Heat is a huge problem?

Heat radiation elements must be designed as part of the structure?

Sophie Wilson has famously said how easy it is for active silicon to get hotter than a nuclear reactor.

Heat is exactly why this is useful. A very large amount of power draw is due to the physical size of circuits. This monolithic 3D stacking should result in smaller wires for decreased parasitic capacitance. SRAM is probably the biggest winner in some respects. The paper suggests they can make SRAM smaller, and given most of a modern CPU die is SRAM I would be shocked if that wasn’t a huge thermal win alone, either by adding more cache or by reducing the size of the core or both.
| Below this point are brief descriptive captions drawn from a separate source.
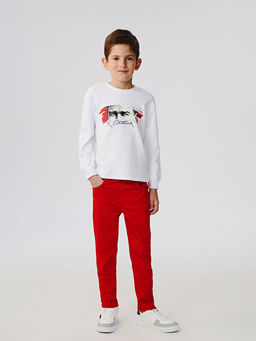 Bisiklet Yaka Bask?l? Uzun Kollu Erkek Bebek Ti??rt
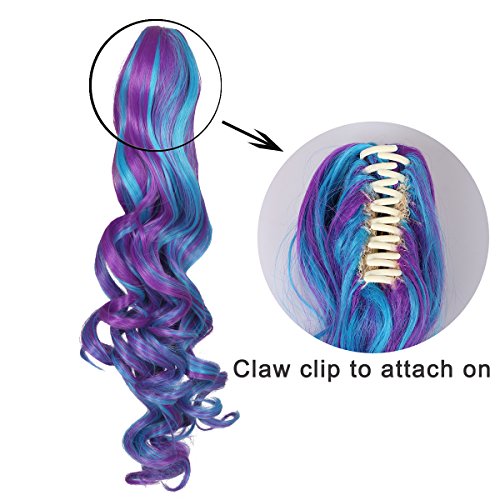 Long Curly Cosplay Wig with 2 Ponytails in Mesmerizing Blue and Purple Hues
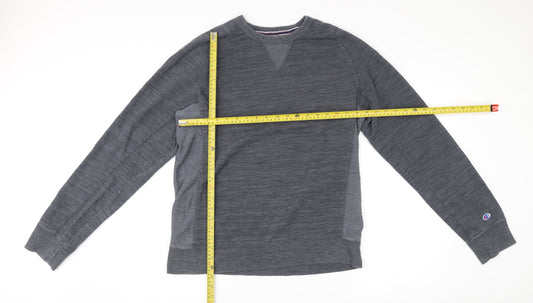 Champion Mens Grey Crew Neck Sweatshirt Size L Logo Pullover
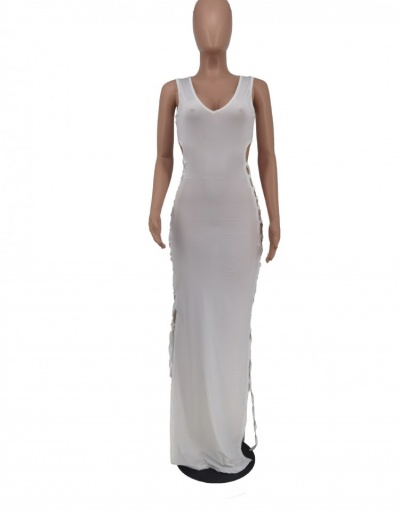 Replica Sexy V Neck Pure Color Hollowed Out Maxi Dress Sleeveless V Neck #796987 $25.35 USD for Wholesale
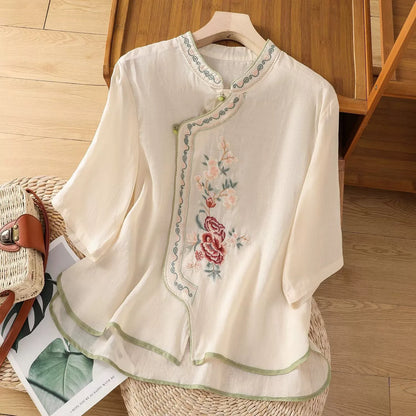 Casual Loose Blouse Shirt Women  Vintage Embroidery Woman Shirt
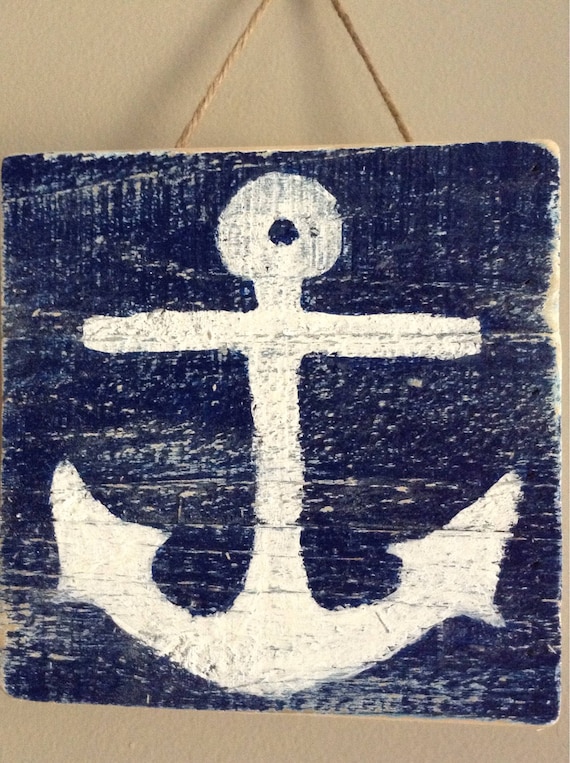 Anchor wall art Rustic distressed Nautical Coastal Theme DARK BLUE Anchor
I’d be interested to see if you couldn’t throw diamonds at the heat problem though. There was some recent work done suggesting diamond could help a lot with heat, but I’m unsure if it would work here.

The solution is simple. In our universe we have to dump heat through at least one dimension. That is inefficient and leaves only 2 remaining dimensions for the chip, hence all our chips are 2d rectangles. Simply add one dimension so that you can either build 3d chip and dump heat in 4th dimension, or keep chip 2d but dump heat throughout 2 extra dimensions much more efficiently.
Maybe we can just dump heat into the time dimension and deal with it in the past or the future.
The issue is that we only have time as the 4th dimension, which just means the chips have to run slower to dissipate the heat over more time. ;)
Sounds similar to the idea huawei is talking about.
Also look into Mythic AI, and also the recent (ultimately tragic) story of the wurtzite ferroelectric device breakthrough at the University of Michigan.